From a maxiter loop exit (8/8) where all ACs were ultimately met but COMPLETE was never emitted. Methodology-only; fully sanitized (no project-specific information).
Context
A sequential-plan task ran the full 8-round budget and exited on maxiter, not COMPLETE, even though every acceptance criterion was satisfied. Execution was sound: accurate reviews, no false positives, no drift, no genuine stagnation. The failure to emit COMPLETE was structural to the methodology, not a performance problem.
Suggestions
-
Split the round verdict from the objective verdict. Early rounds received NOT COMPLETE only because downstream plan stages could not start yet (strict dependency chain). The reviewer's own "ADVANCED" line was the honest signal. Promote a first-class ROUND-COMPLETE (this round's contracted scope is fully/correctly done) distinct from objective IN-PROGRESS; reserve terminal COMPLETE for the objective.
-
Close the verification off-by-one. The rhythm "done pending verification" this round → "verified" next round means the final round of work can never be certified before the budget ends, so a budget that ends when the work ends cannot end in COMPLETE. Allow same-pass verify-and-close when a completion request has no new mainline gaps, or reserve the final iteration as a dedicated close-out round.
-
Front-load per-artifact quality checklists. One proof artifact took ~4 rounds because each round met the stated bar and the reviewer then raised a new, legitimate, previously-unstated bar (labeling → reproducibility → exit-gating → mechanical derivation). Ship standardized review rubrics keyed to artifact type so the full bar is cleared in one round.
-
Pre-completion full-sweep audit at the first COMPLETE request. The last ~4 rounds each resolved a single independent shrinking defect (down to one false sentence in a provenance file). Trigger an exhaustive audit of all artifacts against the consistency checklist at the first completion request and return the complete defect list at once, instead of one-defect-per-round discovery. (A mid-loop "full review round" is less valuable than one positioned at the first completion request.)
-
Break-glass for corrupt locked artifacts + validate at init. A setup tool truncated the immutable, authoritative goal section at initialization; a guardrail forbade both the doer and the reviewer from repairing it for all 8 rounds, so it generated a recurring reminder with no resolution. Validate the integrity of auto-generated immutable artifacts before locking them, and provide a sanctioned, logged repair path when both parties agree the locked content is tool damage rather than a goal change.
-
Convert defaulted external decisions out of the active list. A few decisions needing a human answer were given conservative defaults and execution proceeded, but they were re-surfaced as "PENDING" every round as boilerplate noise. Allow converting them to "ASSUMED (default X), revisit only if answered" and move them to a separate assumptions ledger.
What to preserve
Review quality was the session's strongest feature — specific, evidence-cited feedback with essentially no false positives, catching at least two easy-to-miss substantive defects. These suggestions target completion semantics and review cadence/batching, not review correctness; the latter should be left untouched.

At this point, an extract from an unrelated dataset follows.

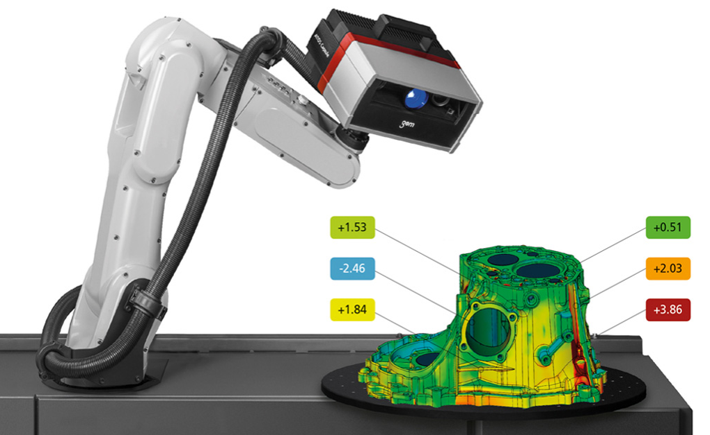 Profilometry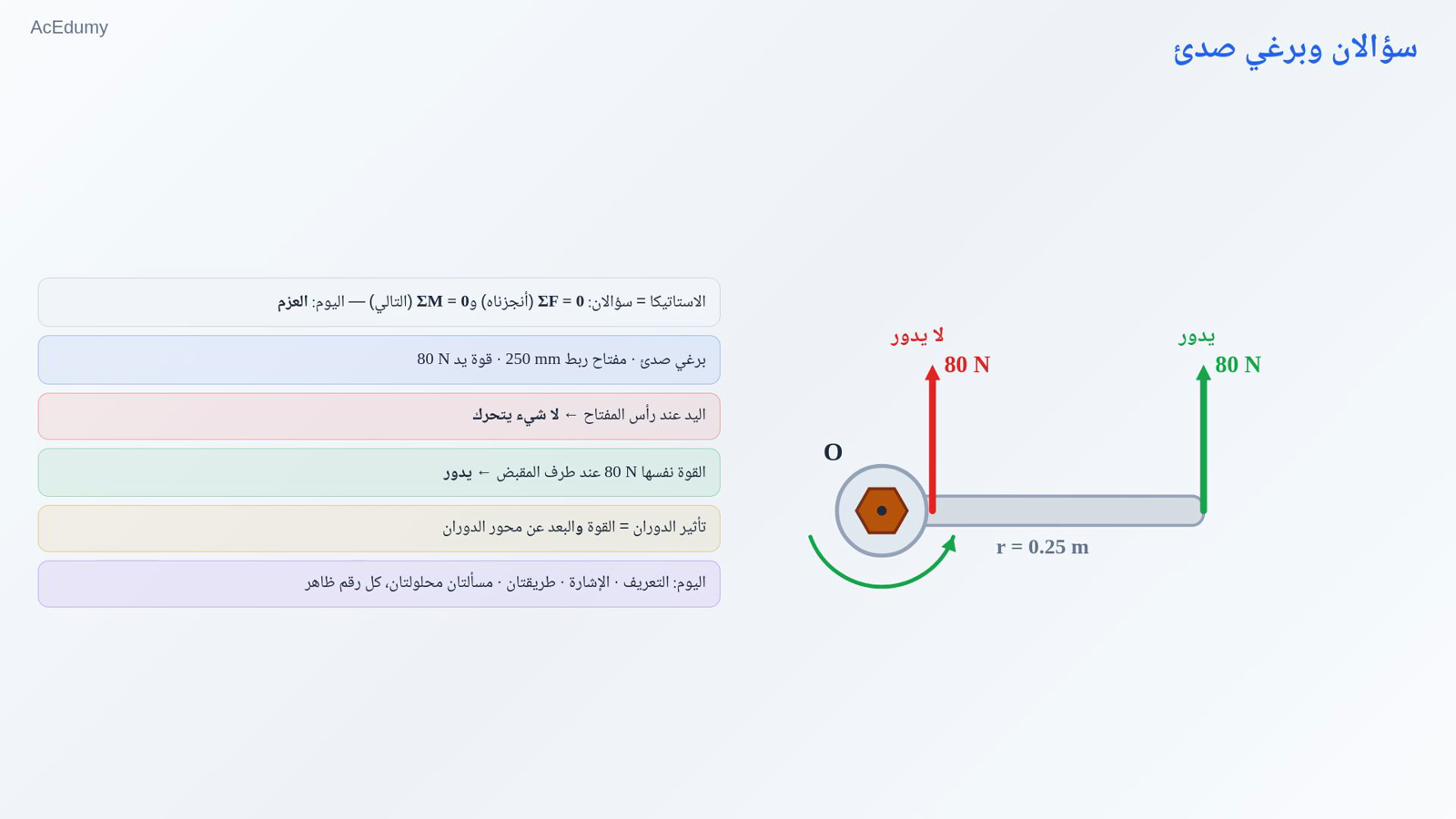 سؤالان وبرغي صدئ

From a maxiter loop exit (8/8) where all ACs were ultimately met but COMPLETE was never emitted. Methodology-only; fully sanitized (no project-specific information).
Context
A sequential-plan task ran the full 8-round budget and exited on maxiter, not COMPLETE, even though every acceptance criterion was satisfied. Execution was sound: accurate reviews, no false positives, no drift, no genuine stagnation. The failure to emit COMPLETE was structural to the methodology, not a performance problem.
Suggestions
Split the round verdict from the objective verdict. Early rounds received NOT COMPLETE only because downstream plan stages could not start yet (strict dependency chain). The reviewer's own "ADVANCED" line was the honest signal. Promote a first-class ROUND-COMPLETE (this round's contracted scope is fully/correctly done) distinct from objective IN-PROGRESS; reserve terminal COMPLETE for the objective.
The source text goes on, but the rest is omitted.